I’m working on a project where I need to manage several workflows, each associated with a set of players. My goal is to have a separate collection for each workflowId that contains the data of the players associated with that workflow. The idea is that each workflow will have a variable number of players. Instead of deleting players with a single operation in a specific collection—where data is constantly being inserted— We are considering the approach of dropping the entire collection for each specific workflow when required, rather than deleting individual records or using TTL.
Is this a good idea or could I have some problem in the mongodb engine?
Hi @Josue_Guerrero1 … your idea of dropping and adding collections sounds a little bit “heavyweight” and likely to require more resources compared with updating fields in the collection. However, one can imagine situations in which it might make sense. In any case, there is not enough information in your description to make a “scientific” evaluation. Why would you not merely update fields? What’s the win here? Easier coding, or some other advantage?

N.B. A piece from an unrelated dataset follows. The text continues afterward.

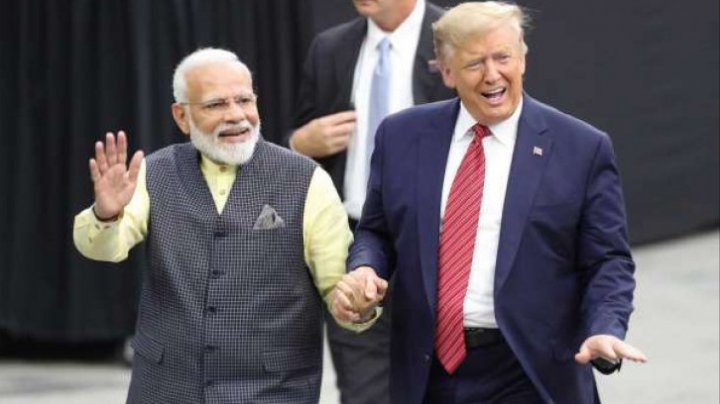 Imagini inedite cu Donald Trump și premierul Indiei. Cum au fost surprinşi oficialii (FOTO)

In addition to what @Jack_Woehr said, I also wanted to provide additional context if you might have a large number of collections. There are no hard limit on how many collections you can have in a database, but here are general recommendations our product team has for each type if instances:
Hello @Jack_Woehr thanks for your swift response, yeah this is because, in the current system, we believe that a collection which is constantly inserting and deleting data (using TTL) is experiencing performance issues. We ran a performance test, and the insertions are very slow. I mean, this collection could receive more than 1 million documents per day. I don’t particularly like this approach, but I’d like to understand the consequences of dropping the collection. Would it lock the database or cause other issues?
Maybe you should look at your data design more closely. It’s hard to give you a concrete answer based on what we’ve been told. Possibly your design should be more relational.

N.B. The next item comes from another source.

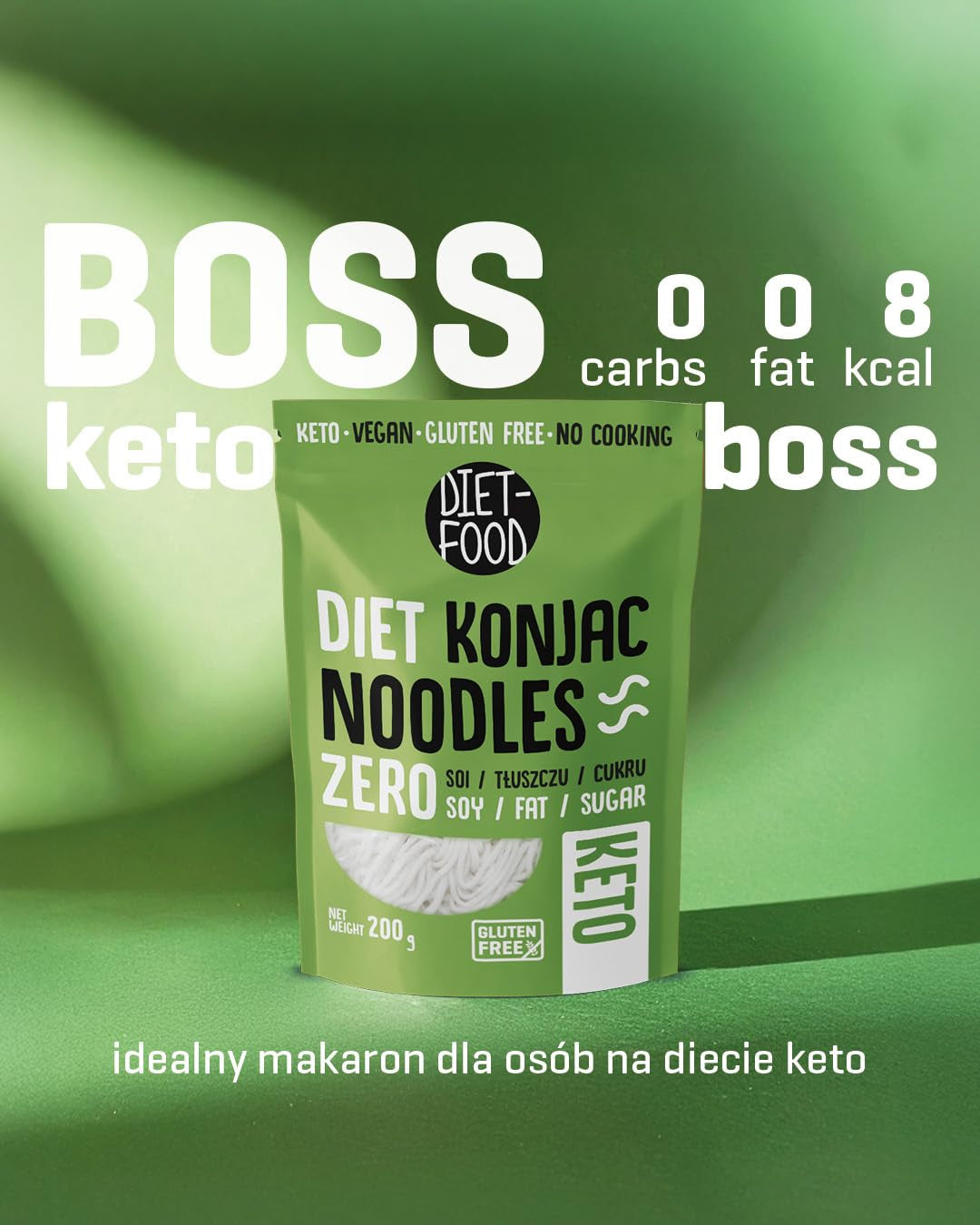 Nouilles Shirataki diététiques | Nouilles Konjac à faible teneur en glucides | 200 grammes de nouilles diététiques solubles dans l'eau, végétaliennes, faibles en calories, sans graisse, sans soja, sans gluten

@Jack_Woehr Thanks for your response, I will try to give you an example about the situation and why I’m trying to go for this approach.
Currently, we have information that needs to be filtered based on specific criteria. Each filter can match a number of users, and since these users are distributed across different databases, we need to store this information gradually in temporary storage (called conclusions). Later, using an AND operation, we match the players who meet the criteria in more than one filter and group them together.
The challenge here is that a single filter could match over 250,000 users. Additionally, these conclusions are temporary and only remain in the database for a limited period of time.
Example 1:
Let’s say we have two filters:
Filter 1: Players from the United States
Filter 2: Players who play a certain game
If Filter 1 matches 300,000 users and Filter 2 matches 150,000, we store these matches temporarily in the conclusions. Then, we use an AND operation to find the users who match both filters (e.g., players from the United States who also play the specific game). The problem here is that we are inserting information into this collection in batches of about 5,000 users per batch, but the process is very slow. Additionally, the information is temporary and typically stays in this collection for about 2 days before being deleted by TTL. Furthermore, this process runs in parallel. The same process can be executed multiple times in the service, depending on the number of instances available on the server. The issue lies in the insertion process: retrieving the information is very fast, but inserting the data into the collection is too slow.
@Josue_Guerrero1, I infer from your use case that you’re mining your conclusions from disparate databases that come either from different generations of game design or from partnerships or acquisitions.
Perhaps your operation could benefit from an enterprise event bus model (vide Kafka, etc.) where there’s a constant flow of information rather than a “scoop and dump” approach?